Il y a des films qui arrivent à prendre les neurones de votre cerveau, à les broyer, et transforment votre psyché en un magnifique champ de bataille que vous devez partager avec les gens autour de vous. Qui profiterait de ces pensées qui tournicotent dans votre crâne et vous bouffent toute autre information qui peut servir dans la vie ?(du genre les cochons ont un orgasme de trente minutes et le roi birman Nandabayin est mort de rire en apprenant que Venise était une République) Tel un secret trop lourd à garder, il faut en parler, le faire découvrir aux autres pour pouvoir en reparler par derrière.
Pourquoi je parle de ce type de film si particulier? Parce que je viens d'en voir un. Un classique même. Ce genre de film où tu as honte d'avouer que tu ne l'a pas vu, et du coup on te regarde avec de grands yeux en disant (en hurlant plutôt) : « QUEWAH ! T'as pas vu [insère ici le titre de film ultra culte que même Oussama Ben Laden les a vu dès leur sortie en salle. Et il vivait dans une grotte.

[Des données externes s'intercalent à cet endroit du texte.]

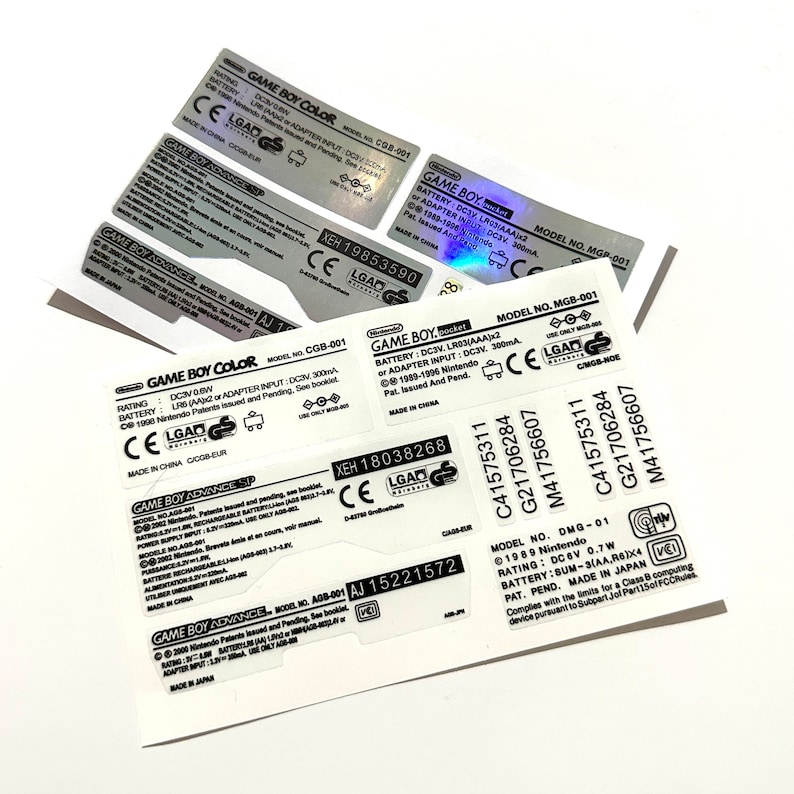 May include: Close-up of a silver and black Game Boy Color sticker with the text "GAME BOY COLOR" and "MODEL NO. CGB-001". The sticker also includes the text "RATING: DC3V 0.8W", "BATTERY: LR6 (AA) or ADAPTER INPUT: DC3V 300mA", "CE", "LGAD", and "MADE IN CHINA CGB-EUR".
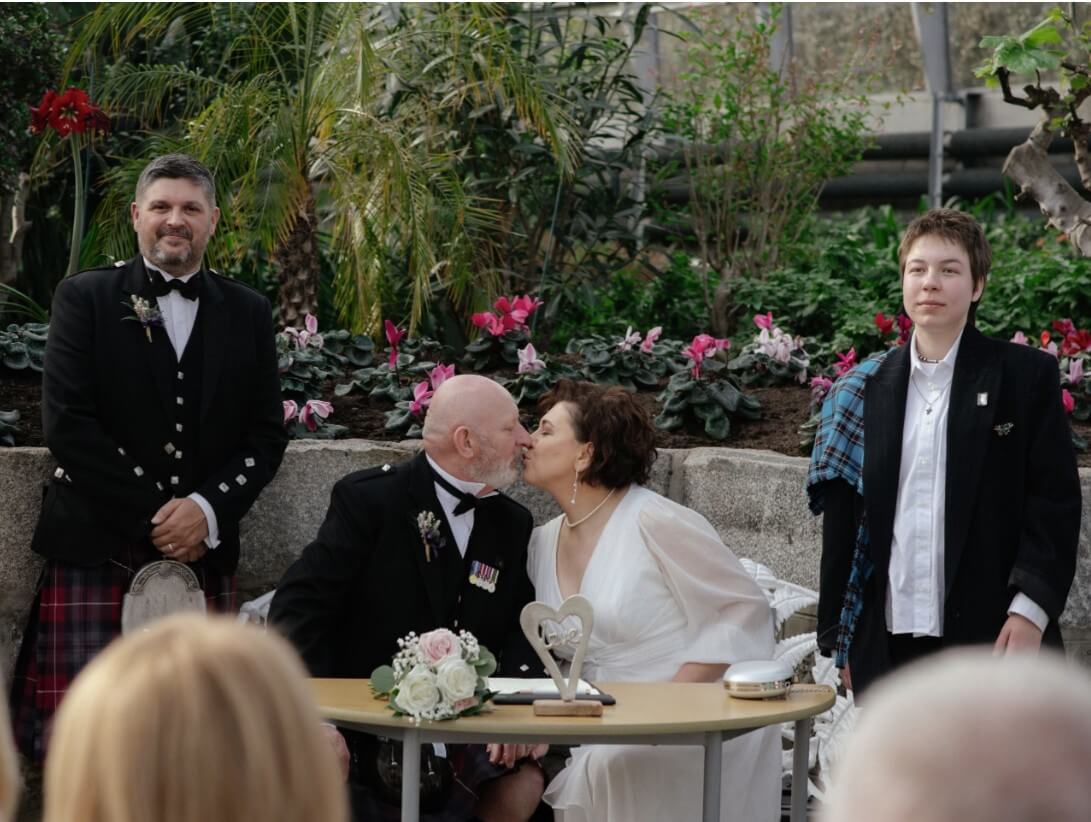 David and Olena's wedding at the winter gardens Aberdeen, the couple kissing 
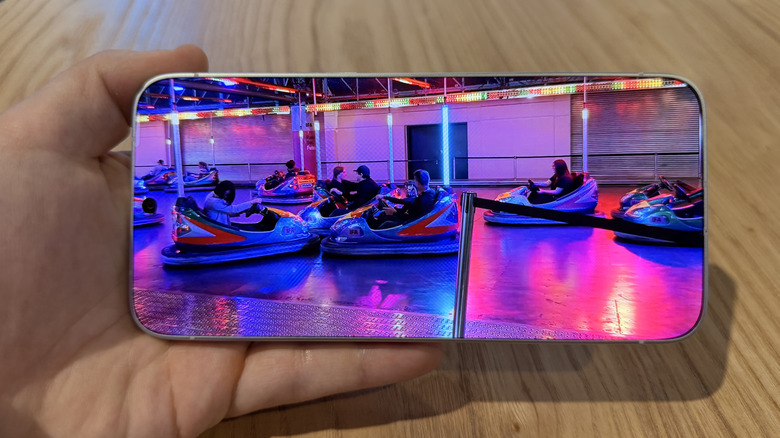 Holding the Tecno bezel-less phone to watch a video above a table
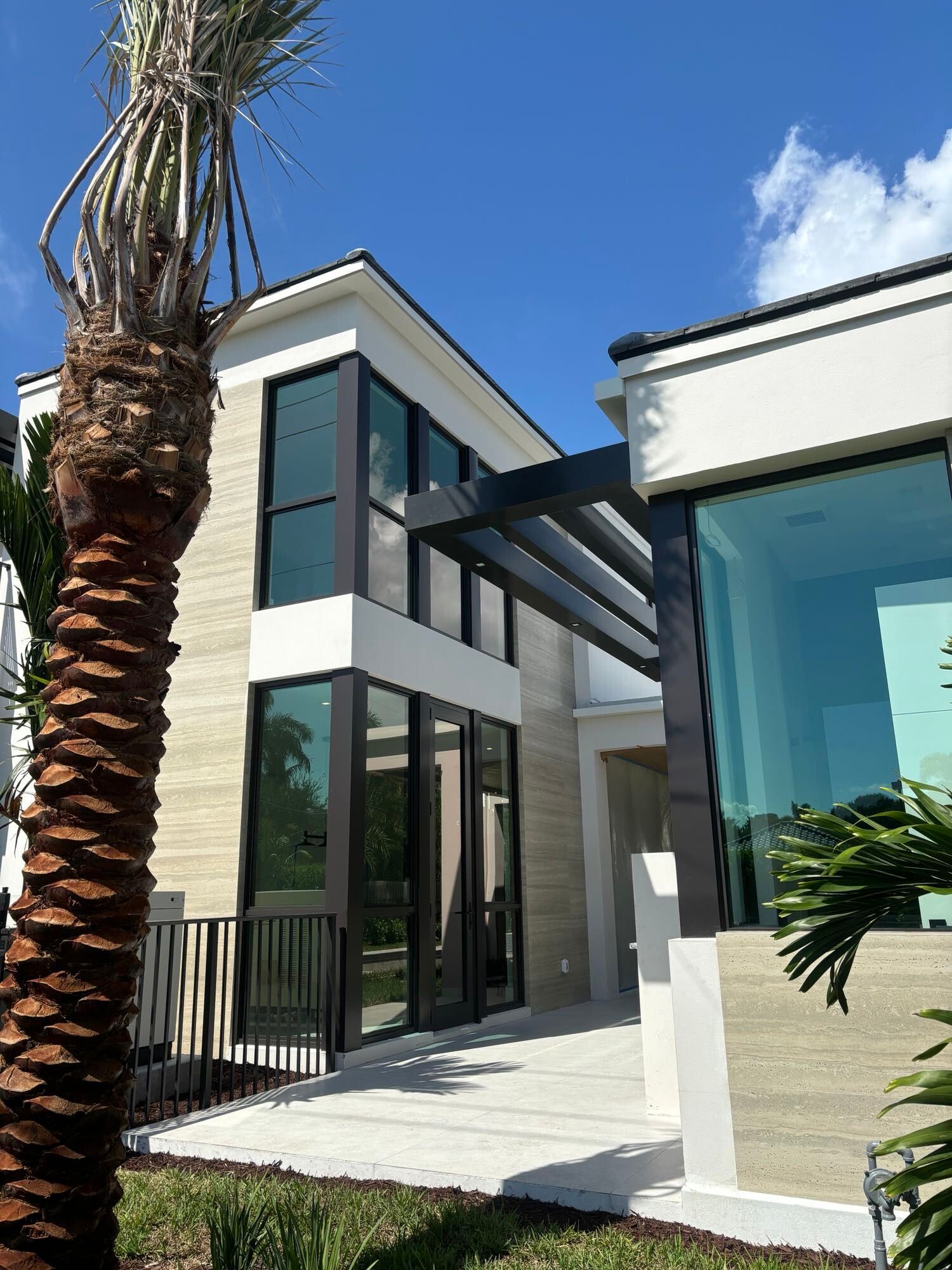 A large house with a palm tree in front of it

C'est dire si c'est culte]. »
Pourquoi je parle de ce type de film si particulier? Parce que je viens d'en voir un. Un classique même. Ce genre de film où tu as honte d'avouer que tu ne l'a pas vu, et du coup on te regarde avec de grands yeux en disant (en hurlant plutôt) : « QUEWAH ! T'as pas vu [insère ici le titre de film ultra culte que même Oussama Ben Laden les a vu dès leur sortie en salle. Et il vivait dans une grotte. C'est dire si c'est culte]. »
Après, de
relativiser je me dois. Parce que bon, des films comme Star Wars,
Titanic, Le Seigneur des Anneaux... TOUT LE MONDE LES A VU. Ou du
moins les connaît. En gros, c'est quasi impossible de passer à côté
de ces films tant l'entourage vous bassine avec. Là, le classique so
classy (j'aime la redondance) dont je vous parle, c'est un classique de chez classique...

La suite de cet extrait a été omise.